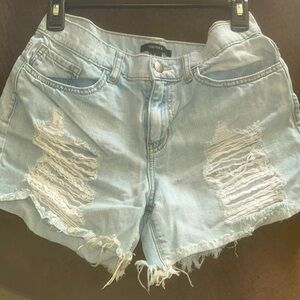 Forever 21 Light Denim Ripped Shorts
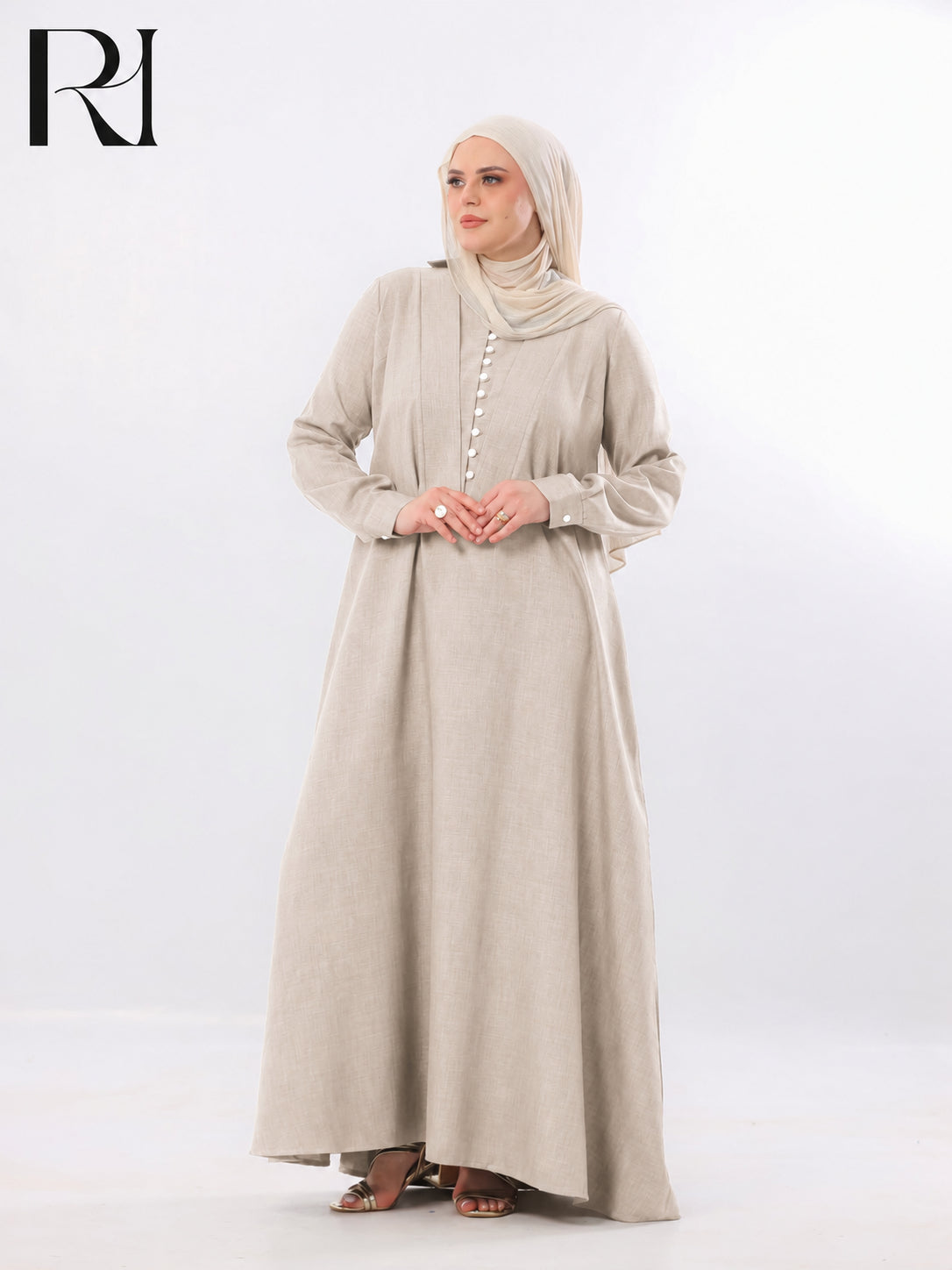 Rania Pearl Button Linen-Blend Maxi Dress – Beige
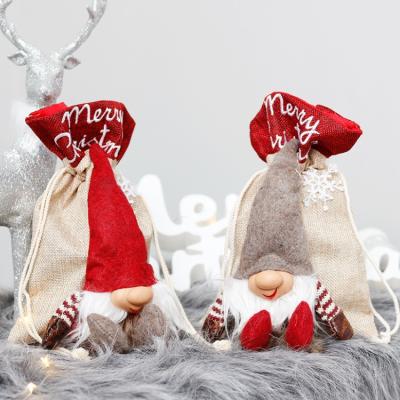 China 2021 Original New Product Eco-friendly Christmas Burlap Santa Sack Wholesale Original Christmas Decorating Gift Bags for sale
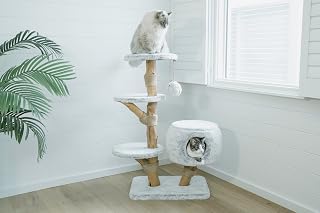 Modern Cat Tree Tower with Cave, Real Wood Cat Scratching Post with Bed for Indoor Cats Large Adult, Solid Wooden Climbing Tower, Aesthetic, Luxury Pet Furniture - FLORRA 2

+ + + + + + +

Problem requirements: No pictures should appear in the copy; write out exactly the lines from the one containing "Rania Pearl Button" through the end of the material.

Response box:
 Rania Pearl Button Linen-Blend Maxi Dress – Beige
 China 2021 Original New Product Eco-friendly Christmas Burlap Santa Sack Wholesale Original Christmas Decorating Gift Bags for sale
 Modern Cat Tree Tower with Cave, Real Wood Cat Scratching Post with Bed for Indoor Cats Large Adult, Solid Wooden Climbing Tower, Aesthetic, Luxury Pet Furniture - FLORRA 2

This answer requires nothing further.